水彩画
表現する
水が勝手に作る滲みは、狙って作れない
どんな趣味?
紙を湿らせ、絵の具を落とし、水が広がるのを見ています。筆を置いた後も色は動き続け、乾くまで完成しません。濃く塗るのではなく、白い紙を残すことで明るさを作るのが水彩の考え方で、他の画材と逆です。二十分で一枚が乾き、失敗しても紙を替えればいいという気軽さがそのまま続けやすさになっています。
始めるのに要るもの
固形絵の具の12色セットが2千円前後、筆は丸筆一本500円程度、あとは水彩紙です。節約してはいけないのは紙のほうで、コピー用紙だと波打って滲みが出ず、水彩の面白いところが体験できません。ブロックタイプの水彩紙は千円前後から手に入ります。一式そろえた最初の出費がいちばん大きく、あとは減った色を買い足すだけで続きます。
最初の一歩
今週末、家の窓から見える景色か、机の上の果物を一つ、はがきサイズに描いてみてください。鉛筆で軽く形を取り、明るい所を塗り残すつもりで、薄い色から重ねます。画材は画材店や大きめの文房具店の画材コーナーにまとまっており、三十分の買い物で一式そろいます。週末2時間から始めるにちょうどよい規模です。
続けるとどうなるか
半年で、水の量と乾き具合の関係が読めるようになり、滲みをある程度は狙って出せます。一年経つと描く前に、どこを塗り残すかを決めてから筆を持つようになります。旅先にスケッチブックを持ち出す人が多く、写真とは違う記録が残ります。公民館やカルチャー教室のグループ展に出す人もいて、イラストと行き来する人もいます。
向き不向き・注意
水を使うので机が濡れ、道具を広げて片づける場所が要ります。一度乾いた失敗は基本的に消せないため、塗り直して直していく進め方はできません。細かく描き込みたい人には向かず、思い通りにならないことを楽しめるかで分かれます。道具そのものは安い一方、紙と絵の具は消耗品で、週に一枚のペースでも月に千円前後は出ていきます。
解説動画: トマト一個で覚える透明水彩の塗り方の基本/Watercolor by Shibasaki
概要: 真っ赤なトマトを題材に、鉛筆の下描きから完成までを一緒に描き進める入門講座。シンプルなモチーフで水彩ならではの効果とそのコツを体験させる狙いで、これから始めたい人にも、続けてきたけれど基本や画材の使い方に自信がない人にも向けている。途中で分からなくなったら繰り返し見てついてきてほしいと言い添え、手を止めながらゆっくり進んでいく。

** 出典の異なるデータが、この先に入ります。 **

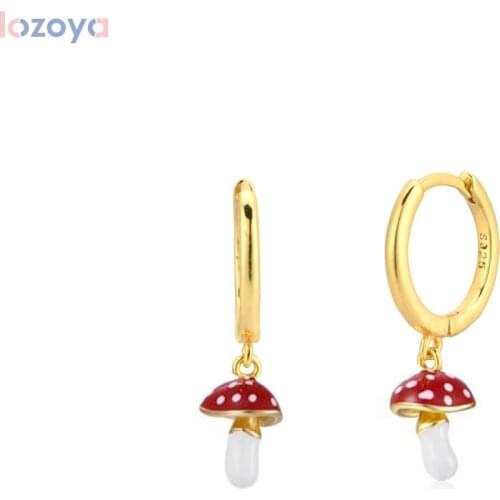 Lozoya 925 Sterling Rock Punk Fine Silver Gold Enamel Red White Mushroom Drop Earring Piercing Clips Wedding Gift Jewelry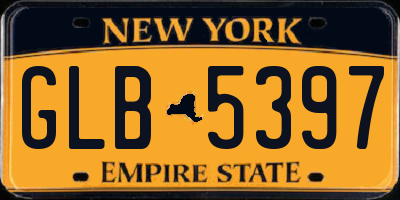 NY license plate GLB5397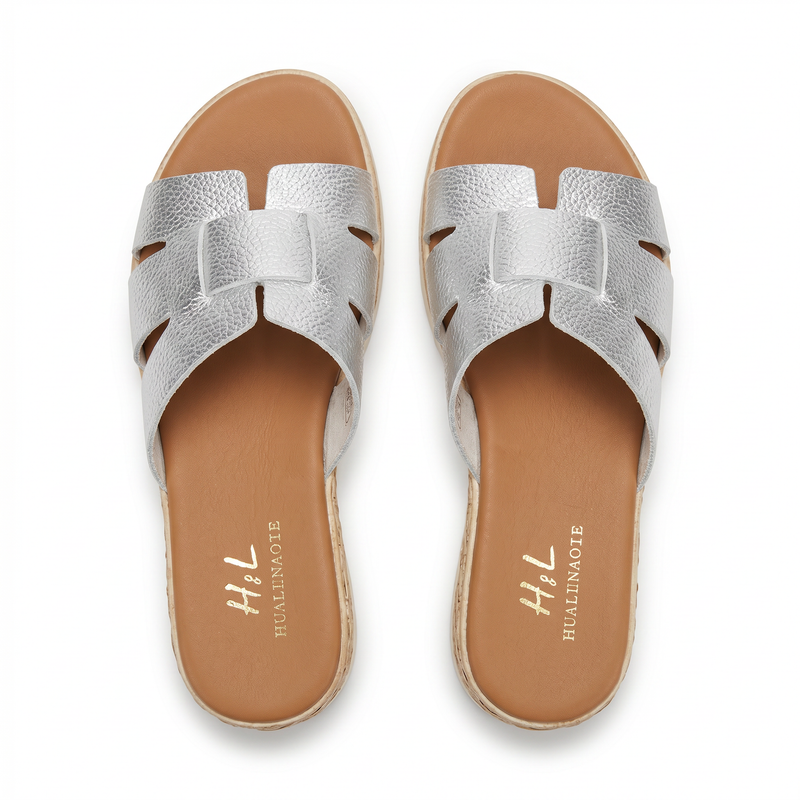 Sandales Femme Style H Cuir Métallisé Argenté - Compensée Raphia -Importées d'Espagne 🇪🇸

手順: 光が左上から当たっている前提で明るさの順番を確かめ、力を抜いた丸とヘタを鉛筆で取る。水彩は乾くと明るくなるので絵の具は濃いめに溶く。光っている部分は塗り残し、太い筆でのびのびと赤を置いていく。隣に黄色や緑を置いて滲ませ、乾きかけたらもう一度赤を重ねて色を強くする。
コツ: 日陰側は同じ赤を濃く溶いて重ね、青を少し加えるとさらに暗くできると説明する。洗った筆で絵の具を優しく拭き取ると反射の明るさが出て丸みが増す。透明水彩は基本的に白を使わず紙の白で明るさを表すので、この拭き取りと塗り残しが要になると話している。
仕上げ: 床に落ちた影は明るい青で大きく塗り、その青をトマトの日陰にも少し足すと影と実がなじんで置かれている感じが出ると話す。ヘタは緑にトマトの赤を混ぜた色を筆先で放射状に入れ、青を差して曲がりを表す。最後に白く残した部分へ赤を少し溶かし込み、光り方を本物らしく整えている。
道具: 使っているのは人差し指ほどの太さの丸筆だが、小指より細い筆でも十分だと言い添えている。パレットには赤が三色あるものの、一色しか持っていなくても描けると繰り返す。色同士が水の力で勝手に混ざるのは失敗ではなく水彩の良いところなので、気にせず大きく塗るよう勧めている。